Taking it a step further, Vidu 1.5 also introduces Multiple Angle Consistency, a feature that allows you to either generate videos using any inputted images as references or by uploading three photos of a single subject. The model ensures visual continuity and fills in missing details, providing a seamless 360-degree view of the subject. The result is a cohesive video that accurately presents the subject from any angle, enhancing realism and dynamic storytelling. And this also applies to facial movements, accounting for a more natural-feeling continuity between subtle facial expressions.

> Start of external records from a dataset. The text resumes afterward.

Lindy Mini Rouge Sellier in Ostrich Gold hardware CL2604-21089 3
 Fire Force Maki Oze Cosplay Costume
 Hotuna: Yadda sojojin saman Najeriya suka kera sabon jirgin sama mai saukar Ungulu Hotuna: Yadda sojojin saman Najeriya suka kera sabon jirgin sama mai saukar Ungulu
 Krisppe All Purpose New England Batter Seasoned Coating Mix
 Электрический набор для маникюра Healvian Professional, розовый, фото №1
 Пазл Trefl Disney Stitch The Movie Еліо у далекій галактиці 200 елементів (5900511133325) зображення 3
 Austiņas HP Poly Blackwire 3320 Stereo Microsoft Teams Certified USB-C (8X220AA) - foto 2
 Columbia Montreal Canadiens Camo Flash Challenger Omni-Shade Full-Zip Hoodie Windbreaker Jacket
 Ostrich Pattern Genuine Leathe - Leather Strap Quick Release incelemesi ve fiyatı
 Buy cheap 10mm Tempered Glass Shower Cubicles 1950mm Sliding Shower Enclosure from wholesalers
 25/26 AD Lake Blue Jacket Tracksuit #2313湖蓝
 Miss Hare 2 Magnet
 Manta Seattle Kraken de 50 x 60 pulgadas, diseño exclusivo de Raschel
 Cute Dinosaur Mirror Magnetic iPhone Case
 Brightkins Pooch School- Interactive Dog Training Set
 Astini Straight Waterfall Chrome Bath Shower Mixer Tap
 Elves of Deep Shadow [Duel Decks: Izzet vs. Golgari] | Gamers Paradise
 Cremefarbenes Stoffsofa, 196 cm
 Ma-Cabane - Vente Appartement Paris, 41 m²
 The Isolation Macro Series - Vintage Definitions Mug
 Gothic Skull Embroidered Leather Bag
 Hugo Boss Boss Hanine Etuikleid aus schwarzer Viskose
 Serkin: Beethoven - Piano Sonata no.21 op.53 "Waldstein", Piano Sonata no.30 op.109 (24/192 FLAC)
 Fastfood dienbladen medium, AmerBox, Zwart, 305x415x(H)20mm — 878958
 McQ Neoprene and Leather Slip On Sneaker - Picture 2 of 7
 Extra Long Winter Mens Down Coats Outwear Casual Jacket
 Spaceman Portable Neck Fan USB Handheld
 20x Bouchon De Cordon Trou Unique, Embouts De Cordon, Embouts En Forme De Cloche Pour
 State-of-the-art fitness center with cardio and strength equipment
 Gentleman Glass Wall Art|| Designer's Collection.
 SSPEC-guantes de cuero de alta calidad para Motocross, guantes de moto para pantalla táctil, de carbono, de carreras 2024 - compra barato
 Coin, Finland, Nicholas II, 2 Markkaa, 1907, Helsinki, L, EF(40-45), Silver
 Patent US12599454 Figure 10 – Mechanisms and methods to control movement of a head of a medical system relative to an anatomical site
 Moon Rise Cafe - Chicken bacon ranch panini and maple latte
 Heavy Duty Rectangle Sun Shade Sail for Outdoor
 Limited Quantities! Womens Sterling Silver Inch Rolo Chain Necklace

Beyond presenting stronger character emotions, Vidu 1.5 also introduces Advanced Control. This enables greater precision over camera movements, angles, and cinematic techniques, of course without detracting from the visual consistency that would otherwise yield unwanted transitions or skipping between frames. In fact, advanced cinematography styles including adjustable dynamic ranges offer a higher degree of control over speed and scale resulting in complex shots like zooming, panning and tilting or a combination of these.
With Vidu 1.5, we’ve significantly enhanced detail generation and clarity at up to 1080p, bringing to life visuals like never before. For instance, you can now clearly see the intricate patterns on a cake or the vivid texture of a sizzling steak amid flames and oozing red juices. This level of detail transforms the storytelling experience, making every frame richer and more immersive.
Vidu 1.5 expands its appeal to animators and anime creators with Expanded Animation Styles, including Japanese fantasy and hyper-realistic styles. This upgrade caters to both casual creators of short-form content and professional filmmakers, delivering polished, production-ready videos with superior clarity and precision compared to other generative AI platforms.
The breakthrough in Vidu 1.5’s controls lie in major advancements Shengshu Technology has made in semantic understanding. The update offers more nuanced language comprehension, interpreting text prompts with impressive precision and enabling video outputs that better reflect complex storytelling and scene requirements. Last but not least, Vidu 1.5 generates a 4-second clip in just 25 seconds, showcasing Vidu’s ongoing advancements with improving the speed and accuracy of generating video.
“The future of content creation is here, and it is powered by the limitless possibilities of AI,” said Jiayu Tang, CEO and co-founder of Shengshu Technology. “Together, we can ignite a global wave of inspiration, reshaping industries, and democratizing creativity. At the core of this transformation lies the ability for anyone to engage in high-quality content production, unlocking new opportunities and breaking down traditional limitations.”
To learn more about Vidu 1.5, please visit https://www.vidu.studio/
About Shengshu Technology
Founded in March 2023, Shengshu Technology is a leading innovator in deep generative models, specializing in advanced diffusion probabilistic techniques. In 2022, Shengshu introduced the world’s first new technical framework, U-ViT, which explores the fusion of Diffusion Models and Transformer architectures for a wide assortment of multimodal generation tasks. Shengshu Technology made the leap from research to commercialization with the launch of its flagship product, Vidu, in July 2024. This AI video generator enables creators to bring their visions to life, whether for art design, game development, film post-production, or social content creation. Our mission is to develop the world’s most advanced multimodal generative models, seamlessly integrating text, images, videos, and 3D content. We are at the forefront of applying generative AI to art, design, gaming, filmmaking, and social media, with the goal of enhancing human creativity and productivity.